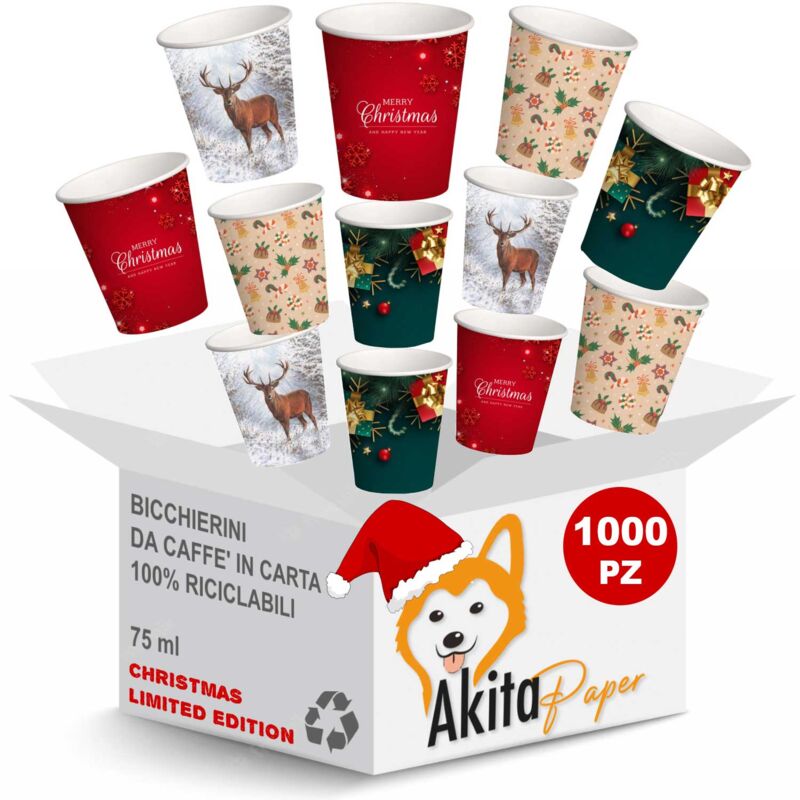 foto del prodotto akitaink 1000 bicchieri natalizi caffe carta 75ml natale monouso biodegradabili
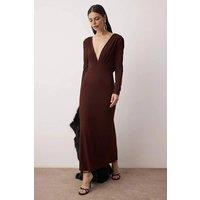 WOVCOR Women's Plunge Neck Long Sleeve Lined Knit Maxi Dress in Brown | Size: 8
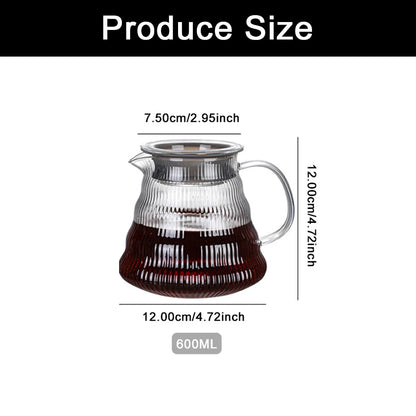 600ml Glass Coffee Carafe, Coffee Pot Clear Standard Coffee Server for Pour Over Coffee Maker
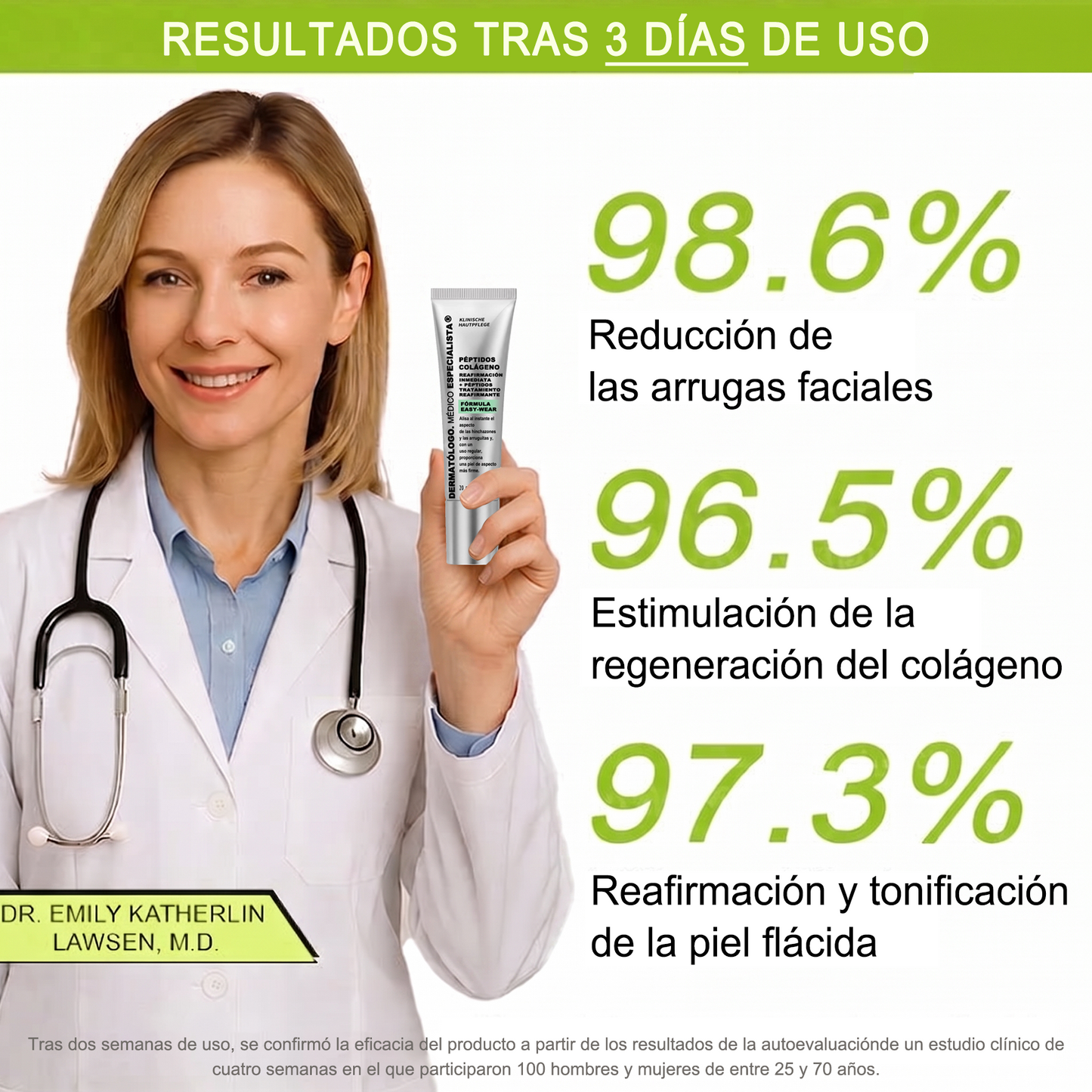 🎁 Dr. Fachmer® 👩‍⚕️ Péptidos y colágeno con efecto tensor inmediato: ayuda a reducir la apariencia de bolsas y líneas de expresión, dejando la piel con un aspecto más firme y terso. ✨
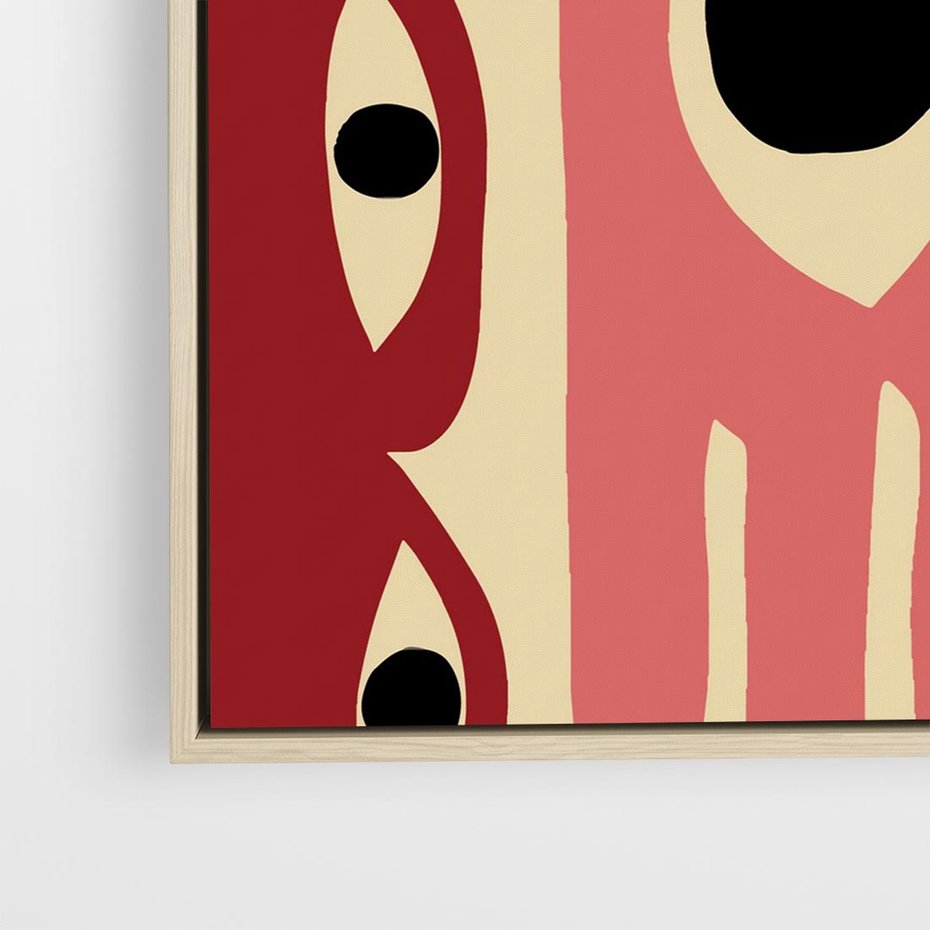 Obraz w ramie 80x80 - Migotliwe Kształty - abstrakcyjny obraz, boho styl - rama drewno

##############################

* TASK BRIEF: Every record above must be copied exactly, and no picture may appear in the copy.

* REPLY:
 foto del prodotto akitaink 1000 bicchieri natalizi caffe carta 75ml natale monouso biodegradabili
 WOVCOR Women's Plunge Neck Long Sleeve Lined Knit Maxi Dress in Brown | Size: 8
 600ml Glass Coffee Carafe, Coffee Pot Clear Standard Coffee Server for Pour Over Coffee Maker
 🎁 Dr. Fachmer® 👩‍⚕️ Péptidos y colágeno con efecto tensor inmediato: ayuda a reducir la apariencia de bolsas y líneas de expresión, dejando la piel con un aspecto más firme y terso. ✨
 Obraz w ramie 80x80 - Migotliwe Kształty - abstrakcyjny obraz, boho styl - rama drewno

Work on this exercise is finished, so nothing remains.